Toussaint Liberator leads the way

U.S soul turned reggae singer Toussaint Liberator dropped his debut reggae album Black Gold in 2010, a wickedly soulful set produced by the mighty Zion I Kings.

Two years later he is back with his second reggae album – the raw Where I Lead, produced by Jack Riddim courtesy of I Dwell Records in California, U.S.

The album collects ten original tunes, of which three are lethal dub versions and two are engaging combinations with Kulcha Knox and Mikey General respectively.

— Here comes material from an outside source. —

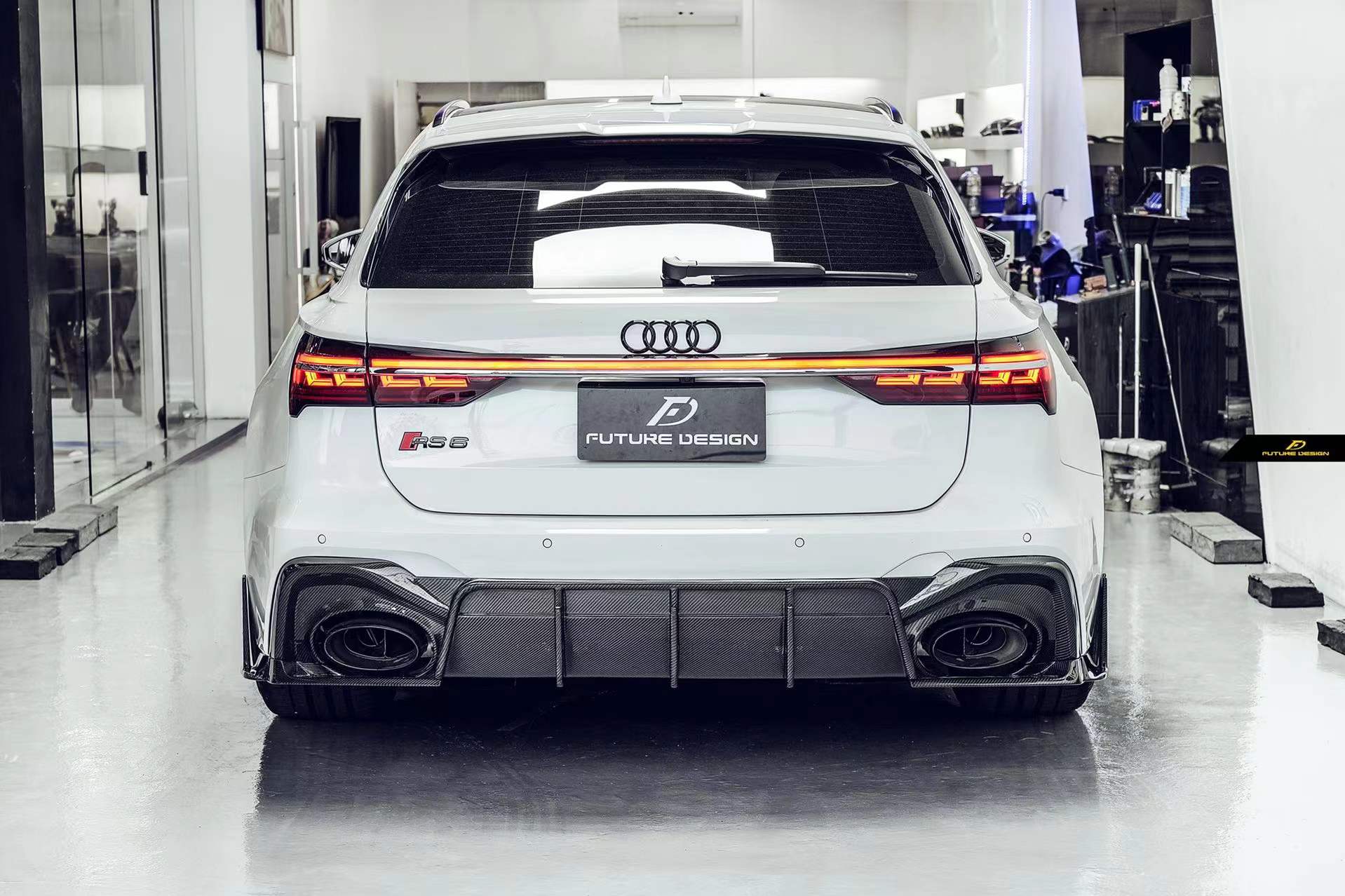 FUTURE DESIGN - AUDI RS6 RS7 C8 DRY CARBON FIBRE REAR DIFFUSER & CANARDS ( BLAZE KIT)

The sound is raw and warm and some of the very tasty influences include soul, ska, funk and blues. And if his debut album was soulful in the vein of smooth Philly soul or the distinct melodic soul of Motown, Where I Lead is more of the crude and unpolished southern soul from Stax.

He has a versatile, rich and very capable tenor voice, and sings smooth and stylish, the title track for example, but can easily switch to a gritty Wilson Pickett mood, such as the upbeat and joyous I Wanna Fly, with a chorus reminiscent of Lulu & The Luvvers 60’s UK hit Shout.

This album has been flying below the radar for me for some reason, and when I first listened to it I was completely blown away. Black Gold was a great set, but Where I Lead actually outshines the debut.

Currently available as digital download and on CD.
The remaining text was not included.